Loreena McKennitt en Sevilla

 

Loreena Mackennitt pidió que no se hicieran fotos durante el concierto 

Se dice que la patria de la humanidad es la infancia, pero esta frase, además de pretenciosa es atrevida. La patria de la humanidad no es una, sino muchas, tantas como emociones hayamos anclado en nuestros recuerdos en los diferentes momentos de nuestra vida. Y en el cofre en el que se atesoran los míos, aguardan las canciones de Loreena McKennitt como en un bucle infinito. Junto a ella, los castaños que nos guían hasta La Canaleja, la leña, el humo y el fuego del hogar, mis hijos, mi padre, mi madre, y sobre todo, Jose Ángel que ponía sobre mi vientre, en el que crecía Pablo, sus cascos del discman mientras sonaba el álbum The book of secret y, bromeando, le decía al bebe nonato que era yo la que cantaba.

De eso hace ya 27 años, pero escucharla sigue siendo el mismo remanso de paz, de belleza y de conexión con la tierra, y su universo musical el despertar de sentimientos preñados de nostalgia, sensaciones agridulces que, a menudo, me rompen el alma.

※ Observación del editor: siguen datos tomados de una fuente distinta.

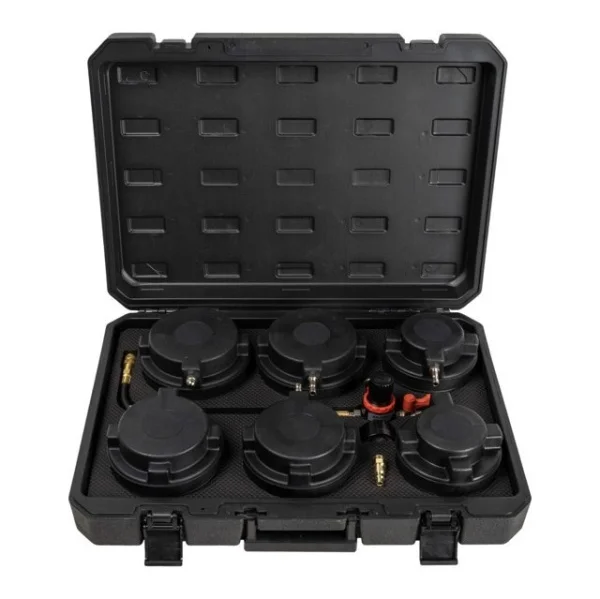 Jbm set di prova pressione turbo per camion 55095 - dettaglio 1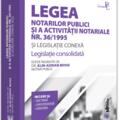 Copertă produs Legea notarilor publici și a activității notariale nr. 36/1995 și legislație conexă 2022 - gallery small 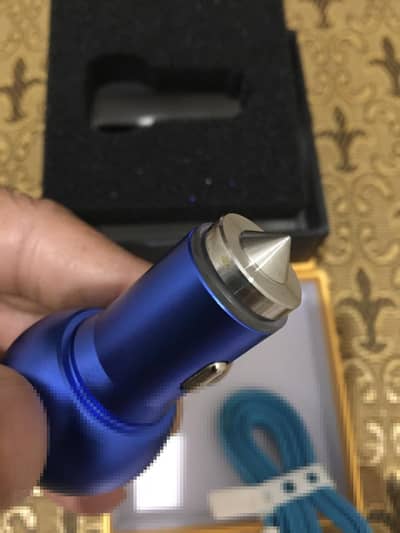 Dual USB Port Mobile Charger for Cars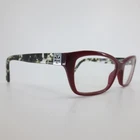 Tory Burch Ty 2049 1361 Burgundy Marble Rectangular Eyeglasses Frames 51-17-135 Pre-owned. Price: $28.79.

Viajamos hasta La Rábida 15 años atrás para disfrutar de su música, también en una noche de verano, y en esta ocasión ha sido ella la que nos buscó y encontró el domingo 7 de julio en La Plaza de España de Sevilla.

La música en directo, su voz, apenas gastada por el tiempo, y la puesta en escena austera y elegante como acostumbra, fue un regalo envuelto por una noche que ignoró el calor propio del mes de julio.

Como ella misma expresó, la mayor parte del concierto la dedicaría al álbum The Mask And Mirror, haciendo volar sus hermosas notas junto a una tímida brisa que embelleció su cabello y su rostro.

Arropada por el edificio emblemático de Aníbal González, franqueado por el Parque de María Luisa, Loreena Mckennitt embriagó al viento, al cielo nocturno y nos embriagó a nosotros, que nos mecíamos a la par de sus melodías telúricas de cosmogonía ancestral.

Caroline Lavelle al violonchelo y puntualmente al acordeón y a la flauta dulce, Brian Hughes a las guitarras y el bouzouki, Hugh Marsh al violín, Dudley Phillips al bajo eléctrico y contrabajo y Robert Brian a la batería, acompañaron a esta artista canadiense que comenzó vendiendo en la calle las cintas de casete que ella misma producía.  

Loreena, nuestra Loreena, al piano eléctrico y de cola, al acordeón y como no, al arpa, desgranó las canciones que nos sabíamos de memoria y que nos trasportarían a mundos celtas, exóticos y españoles, como el tema Santiago, con el que vibraron las gradas y los palcos.

Desde Marrakesh hasta Camelot, pasando por Ítaca y el lejano Oriente, su música fusiona el folk celta y la llamada new age con toques medievales que enmarcan las historias y las funde en un alambique en el que caben las tres culturas.

Loreena Mckennitt, con más de 14 millones de discos vendidos y una carrera que alcanza las tres décadas, dijo sobre el lugar en el que se encontraba, que era el más bonito en el que había tocado en toda su vida, y en sintonía nos dedicó dos bises Spanish Guitars And Night Plazas y al arpa Tango to Evora cerrando el concierto que cubrió de emoción y belleza cada poro de nuestra piel.

Ciertamente nuestra infancia puede ser nuestra patria, pero también lo es el recuerdo de tantos momentos en los que su voz, su letra y su música nos ha acompañado.